In Honduras I visited a fortnight after the coup d'état. It was a rare visit to a country that had just ousted its president by military force, dropping him off on a runway in Costa Rica in his pajamas, something Latin America had not experienced in 19 years. In the five weeks I traveled the countryside I quizzed people about these dramatic events, attended several protests and was happily inconvenienced at opposition road blocks. 80% of those I interviewed were in support of the new illegal government. I came away believing propaganda works the same in every country, much the way it worked to great effect in the United States leading up to the invasion of Iraq in 2002 -everybody was behind it. In Honduras they made it about ousting communism, not about chasing terrorists through the Mesopotamian desert.

In Nicaragua I set out with a friend to explore the Rio San Juan, once known as the Nicaragua Route, as it was favored by the Americans over the current Panama Canal. The Nicaragua Route was never developed. We spent almost two weeks on the Rio San Juan in a combination of ferries, fast river boats and dug out canoes. This rustic river covers 120 miles with only three large villages; places that seem hardly changed since gold miners took the route in the 1850's. I never thought I would get so much out of walking in the steps of history. It was one of the highlights of my journey so far.

Costa Rica had stunning natural beauty. The Osa Peninsula on the Pacific Ocean had the highest concentration of rare animals, the same ones I had so much trouble spotting in other parts of Central America. In Osa you would literally trip over the wildlife on a sleepy morning walk. It was almost too easy. As friendly, helpful and polite as the people of Costa Rica were their culture seemed to lack something when compared with others in the region.

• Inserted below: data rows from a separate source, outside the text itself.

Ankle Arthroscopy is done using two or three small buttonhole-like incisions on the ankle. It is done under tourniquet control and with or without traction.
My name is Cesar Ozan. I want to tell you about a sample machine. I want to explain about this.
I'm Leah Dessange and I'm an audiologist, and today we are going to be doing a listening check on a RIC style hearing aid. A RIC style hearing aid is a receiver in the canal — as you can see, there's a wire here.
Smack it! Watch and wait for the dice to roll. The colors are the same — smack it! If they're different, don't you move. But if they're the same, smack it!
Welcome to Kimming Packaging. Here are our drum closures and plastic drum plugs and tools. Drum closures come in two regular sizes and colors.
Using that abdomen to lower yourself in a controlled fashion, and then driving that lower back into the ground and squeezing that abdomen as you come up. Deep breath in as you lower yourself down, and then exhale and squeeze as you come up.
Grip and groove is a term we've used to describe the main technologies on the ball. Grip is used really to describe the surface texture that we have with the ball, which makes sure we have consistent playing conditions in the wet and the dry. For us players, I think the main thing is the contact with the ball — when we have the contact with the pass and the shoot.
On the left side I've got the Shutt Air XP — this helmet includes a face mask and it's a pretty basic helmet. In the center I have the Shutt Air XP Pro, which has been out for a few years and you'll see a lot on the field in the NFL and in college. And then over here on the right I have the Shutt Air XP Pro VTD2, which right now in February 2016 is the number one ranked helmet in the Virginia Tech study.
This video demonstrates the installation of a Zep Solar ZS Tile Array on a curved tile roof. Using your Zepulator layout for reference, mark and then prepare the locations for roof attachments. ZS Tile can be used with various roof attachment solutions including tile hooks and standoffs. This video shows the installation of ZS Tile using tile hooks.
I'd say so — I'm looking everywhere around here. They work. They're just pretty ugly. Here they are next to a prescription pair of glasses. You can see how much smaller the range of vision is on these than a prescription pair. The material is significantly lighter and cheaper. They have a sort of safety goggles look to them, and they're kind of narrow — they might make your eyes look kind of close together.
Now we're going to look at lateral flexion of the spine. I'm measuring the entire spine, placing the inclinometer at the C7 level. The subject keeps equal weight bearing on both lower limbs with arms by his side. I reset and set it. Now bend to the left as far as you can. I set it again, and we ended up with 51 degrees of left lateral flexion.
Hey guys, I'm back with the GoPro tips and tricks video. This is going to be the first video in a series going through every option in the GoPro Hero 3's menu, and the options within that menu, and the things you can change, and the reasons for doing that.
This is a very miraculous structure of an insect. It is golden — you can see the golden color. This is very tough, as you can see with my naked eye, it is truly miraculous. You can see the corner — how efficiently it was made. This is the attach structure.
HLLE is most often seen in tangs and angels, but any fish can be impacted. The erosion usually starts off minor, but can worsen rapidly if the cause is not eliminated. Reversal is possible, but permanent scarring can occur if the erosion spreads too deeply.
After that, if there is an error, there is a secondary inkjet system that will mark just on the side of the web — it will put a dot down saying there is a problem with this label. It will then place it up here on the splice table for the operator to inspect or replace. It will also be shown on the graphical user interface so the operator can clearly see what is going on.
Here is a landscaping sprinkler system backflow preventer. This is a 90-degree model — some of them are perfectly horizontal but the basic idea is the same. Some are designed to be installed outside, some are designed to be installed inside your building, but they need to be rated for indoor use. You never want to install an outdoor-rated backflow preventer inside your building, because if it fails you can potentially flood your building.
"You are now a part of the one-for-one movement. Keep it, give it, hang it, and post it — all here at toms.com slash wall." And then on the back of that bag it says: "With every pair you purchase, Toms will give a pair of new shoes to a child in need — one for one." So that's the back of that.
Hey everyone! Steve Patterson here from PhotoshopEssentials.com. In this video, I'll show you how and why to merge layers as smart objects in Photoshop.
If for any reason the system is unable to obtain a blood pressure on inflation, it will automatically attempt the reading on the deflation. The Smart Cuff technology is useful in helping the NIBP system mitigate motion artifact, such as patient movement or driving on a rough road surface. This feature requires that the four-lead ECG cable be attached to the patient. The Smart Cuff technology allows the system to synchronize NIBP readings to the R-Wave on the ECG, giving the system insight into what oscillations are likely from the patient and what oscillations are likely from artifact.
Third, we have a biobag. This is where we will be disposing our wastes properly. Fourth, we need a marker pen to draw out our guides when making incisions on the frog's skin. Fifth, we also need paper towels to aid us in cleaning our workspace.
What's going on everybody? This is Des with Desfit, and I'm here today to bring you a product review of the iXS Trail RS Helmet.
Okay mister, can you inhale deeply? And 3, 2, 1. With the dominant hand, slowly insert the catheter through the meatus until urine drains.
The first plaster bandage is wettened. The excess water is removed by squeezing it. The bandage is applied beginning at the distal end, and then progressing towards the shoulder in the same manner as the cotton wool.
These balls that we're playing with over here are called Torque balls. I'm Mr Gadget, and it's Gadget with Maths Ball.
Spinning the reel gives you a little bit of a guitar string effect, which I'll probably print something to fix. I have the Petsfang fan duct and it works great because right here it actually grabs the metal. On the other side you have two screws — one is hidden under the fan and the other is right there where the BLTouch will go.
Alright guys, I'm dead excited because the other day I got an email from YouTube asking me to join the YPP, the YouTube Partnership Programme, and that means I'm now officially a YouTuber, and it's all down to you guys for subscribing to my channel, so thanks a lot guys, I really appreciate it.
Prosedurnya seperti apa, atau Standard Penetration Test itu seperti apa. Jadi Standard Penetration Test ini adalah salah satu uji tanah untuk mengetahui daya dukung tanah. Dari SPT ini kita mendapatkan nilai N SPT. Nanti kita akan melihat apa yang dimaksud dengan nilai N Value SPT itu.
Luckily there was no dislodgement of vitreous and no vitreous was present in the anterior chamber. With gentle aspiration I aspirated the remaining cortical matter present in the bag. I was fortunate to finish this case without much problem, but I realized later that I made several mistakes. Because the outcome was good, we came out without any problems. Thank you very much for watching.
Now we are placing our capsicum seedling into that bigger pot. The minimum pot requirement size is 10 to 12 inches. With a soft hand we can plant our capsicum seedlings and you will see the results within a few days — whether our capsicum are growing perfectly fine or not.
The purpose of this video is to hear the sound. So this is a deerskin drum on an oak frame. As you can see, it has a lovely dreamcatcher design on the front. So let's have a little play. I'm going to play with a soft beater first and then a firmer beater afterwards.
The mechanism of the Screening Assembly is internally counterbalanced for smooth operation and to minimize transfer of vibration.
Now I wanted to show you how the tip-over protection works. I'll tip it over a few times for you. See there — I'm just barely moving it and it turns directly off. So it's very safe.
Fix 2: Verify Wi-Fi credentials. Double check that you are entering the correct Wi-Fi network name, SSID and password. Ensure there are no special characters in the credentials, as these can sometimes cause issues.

In Costa Rica bolts and rivets were used to construct, not nails and wire. Weed whackers to trim grass not long machetes. In the main parks there was a curious absence of small children selling candy by-the-piece; there were no shoe shine boys and no street food vendors. There were no flies to complain of and something very rare -construction projects were completed. Because of these things I am less than enamoured with Costa Rica.

In Central America the countryside can be stunning especially the mountain communities where coffee is grown. These places won my heart over and over. If I was a city-boy, then to live in Panama City, Panama would be at the top of the list, it has a wonderful mix of old and new and a culture that pulls it all together.

One thing I do not miss in North America is rampant materialism. In Latin America I have escaped the viciousness of materialism, shallow culture and ruthless careerism. In North America listen to the people around you: they talk about stuff. The subject of money encapsulates the the American conversation. It does not in Central America -people are first. Travel has renewed my belief in humanity and it has humbled me.

On occasion I reflect that if I ever lost the truck for any host of reasons I would promptly turn to a motorcycle and continue the journey; a consideration that does not feel bad because it would force me to travel even lighter. Charles Bukowski said it best, Everything you own must be able to fit inside one suitcase; then your mind might be free.